Le 24 janvier, les divers officiers et juges ouvrirent la seconde lettre et purent lire : « Charles par la grâce de Dieu, roy de Naples et de Sicile, Comte de Provence, Forcalquier et terres adjacentes : A tous nos officiers, salut. Suivant l’exprès mandement de notre Saint Père le Pape à nous secrètement envoyé, nous vous mandons et commandons par ces présentes, si comme à chacun de vous il appartiendra que incontinent icelles reçues, sous peine de confiscation de corps et de biens, tout sagement, incontiment et secrettement vous ordonniez et faites que le XXIV ème jour du présent mois de janvier vous preniez ou fassiez prendre ou saisir au corps, tous les templiers de notre comté de Provence, Forcalquier et terres adjacentes et les metiez ou fassiez mettre et traduire avec bonne et sûre garde à leurs dépens ez prisons les plus fortes et seures que vous adviserez. Et, néanmoins, leurs biens, meubles et immeubles, debtes, noms, actions et droits quelconques, vous mettrez par description et inventaire, députans bons et louables commissaires, pour iceux régir et gouverner, jusques à ce qu’autrement par Sa Sainteté ou par nous en aye été ordonné ; tellement que de tout le contenu en nostre présente commission, vous procéderez à l’exécution d’icelles sans dissimulation aucune. Donné à Marseille, le XIII janvier l’an de grâce MCCCVIII. »

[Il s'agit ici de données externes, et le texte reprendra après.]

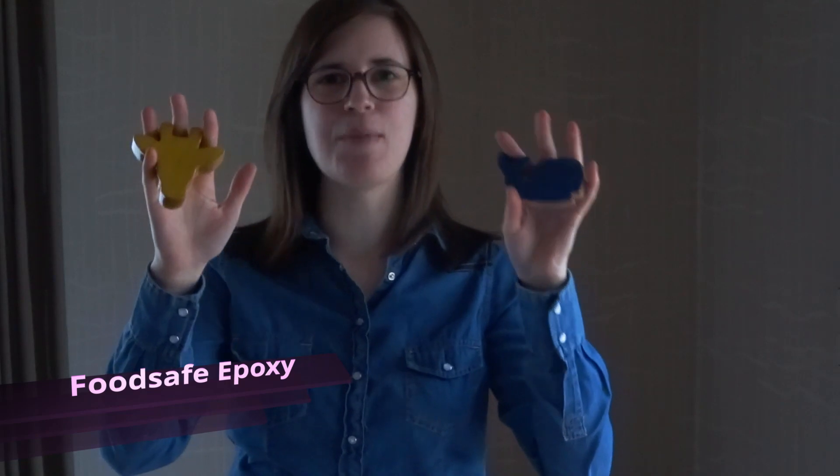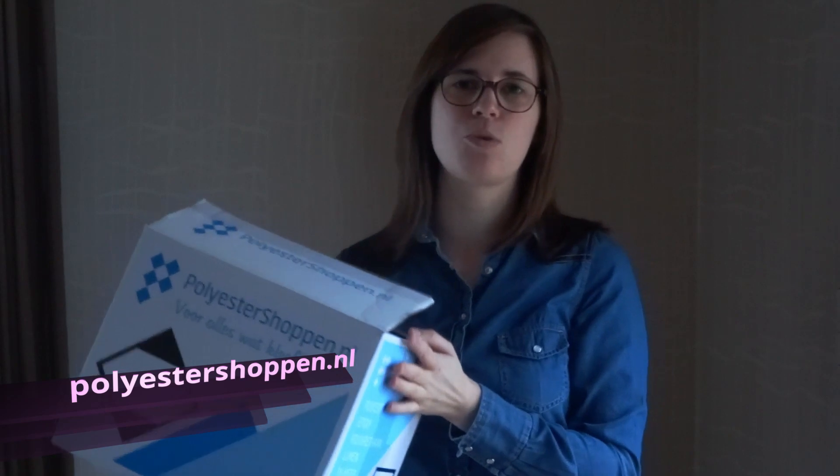Hi, a few months ago I made these baby rattles. They are made with colored veneers, so I need to cover them with epoxy. Polyestershop.nl was kind enough to send me a package with food safe epoxy. So let's get started and cover these baby rattles with food safe epoxy.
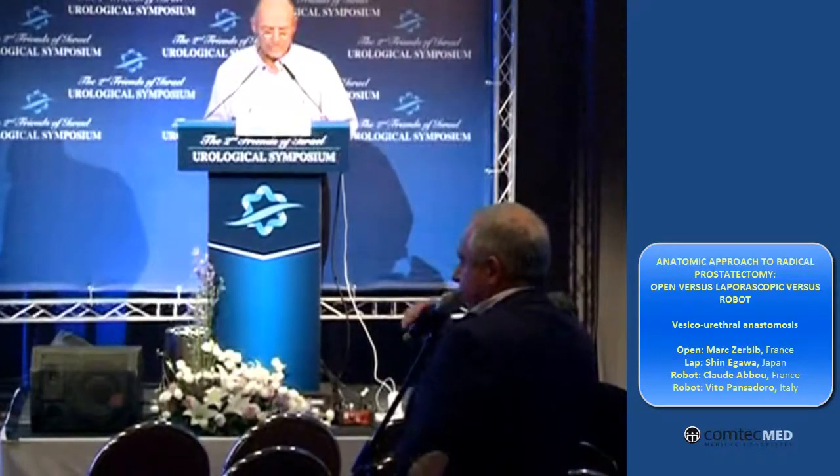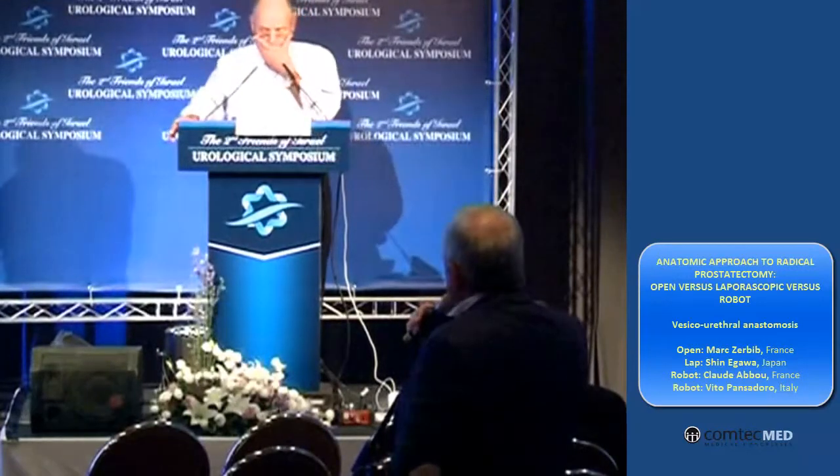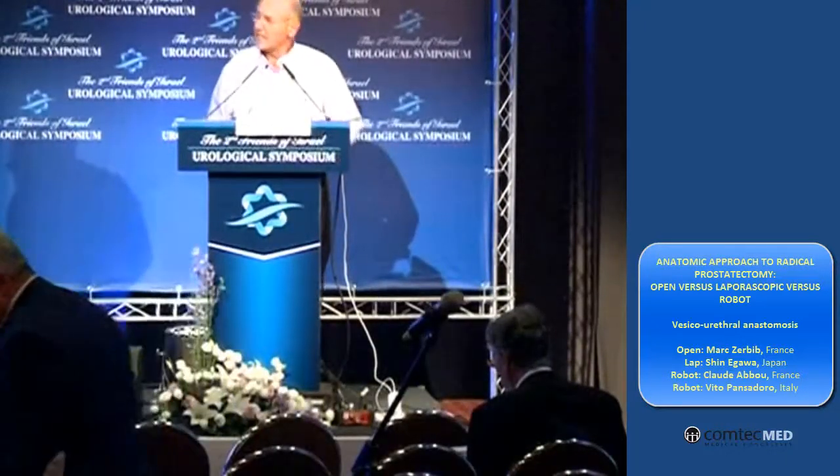And you take it out from the surgical field. The prostate usually is actually enucleated from the bladder neck — there is a very nice avascular plane between them. And if it's difficult to separate, it might be because of penetration of cancer, then you have to take out the entire bladder neck.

La suite et les résultats de l’arrestation des frères, ainsi que la saisie des biens, nous sont restitués par les procès-verbaux en latin, minutieusement détaillés par les notaires, juges, viguiers, officiers et leurs représentants, visitant en mission avec des hommes d’armes, les différentes commanderies  de Provence.

Dans les Alpes Maritimes, le juge de la cour de Grasse se rend à l’église Saint Jacques de cette ville, en compagnie d’un notaire et de quelques hommes d’armes.

Ils procèdent à l’arrestation du chapelain Guillaume Guigonis et du frère servant Guillaume Bérenger.

Le notaire procède ensuite à l’inventaire et poursuivra ses investigations durant trois jours, après avoir convoqué les tenanciers de l’Ordre, par l’entremise du crieur public.

Parti de Grasse, le viguier de la cour, entouré du clavaire, d’un autre notaire et de quatre sergents, se présente à la Maison de Biot où il rencontre les frères Hugues Alberge et Jacques Vilglonus, résidant au château et dresse en leur présence un inventaire complet du mobilier et des biens appartenant à l’Ordre.

Pour la commanderie de Vence, l’historien Tisserand signale François Hugolin et François Rostang, comme les derniers commandeurs de Vence et de Castellar, en place le 13 janvier 1308, sans préciser leur arrestation.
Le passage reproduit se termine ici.